Proust lake : le lac des signes
Outre l'aspect très élogieux de ce documentaire, je le recommande vivement à tout amateur de Proust qui souhaiterait, soit avant, soit après, aller au-delà de la Recherche.
http://www.youtube.com/watch?v=s60bNcVr4IE
De la Recherche, on peut ne rien retenir. Au final, il peut ne s'agir que d'une lecture désabusée, tant la beauté du style compensera le peu d'accroche aux faits relatés à certains moments. La poésie de cet ouvrage n'est pas à démontrer.

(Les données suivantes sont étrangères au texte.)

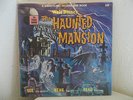 SEALED VINTAGE WALT DISNEY BOOK & RECORD THE HAUNTED MANSION 33 1/3 RPM LP NEW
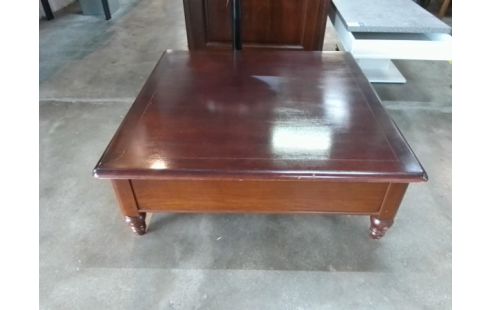 TABLE BASSE BOIS CARRE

De la Recherche, on peut retenir les messages. Homosexualité, affaire Dreyfus, Première Guerre mondiale, tant de faits qui composent la vie de l'auteur qui sont tantôt raillés, tantôt pris très au sérieux. Car même si ce vaste livre n'est autre qu'un roman autobiographique, ou une autobiographie romanesque, il mélange toutes ces opinions extérieures au narrateur, car, et Proust l'a bien compris, on vit par le regard des autres, ce même regard qui fait les réputations, mais aussi les détruit.
De la Recherche, on peut retenir la vie. Une vie, celle du narrateur qui, tel Casanova, va retourner dans son passé, pour pouvoir revivre toute sa vie en sens inverse, prenant la pente descendant vers la mort. Il affectionne d'ailleurs, dans le Temps retrouvé, la métaphore de la graine, de laquelle sort la plante, et qui meurt, une fois que cette dernière peut vivre de manière indépendante.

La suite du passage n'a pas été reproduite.